Directions> This task calls for the lines below starting at the one containing "Zwei Frauen mit Handy und Kopfhörern im Park" and ending at the one containing "Beautiful backyard featuring", repeated exactly with both ends kept and pictures left out.

Exercise material>
══════════
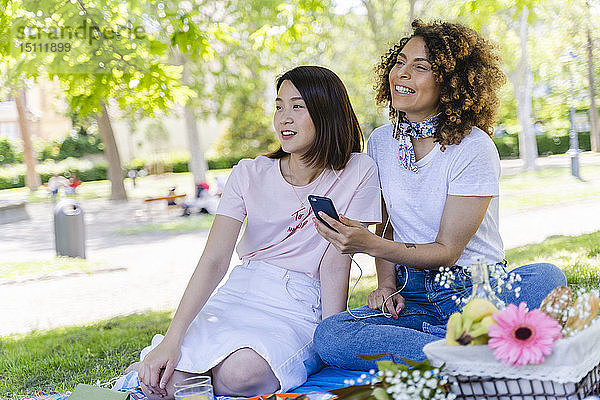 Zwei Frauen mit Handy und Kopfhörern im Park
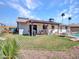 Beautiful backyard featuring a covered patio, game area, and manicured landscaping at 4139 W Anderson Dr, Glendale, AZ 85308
══════════
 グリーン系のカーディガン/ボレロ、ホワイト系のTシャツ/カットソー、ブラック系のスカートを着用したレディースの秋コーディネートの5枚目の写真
══════════
Reply>
 Zwei Frauen mit Handy und Kopfhörern im Park
 Beautiful backyard featuring a covered patio, game area, and manicured landscaping at 4139 W Anderson Dr, Glendale, AZ 85308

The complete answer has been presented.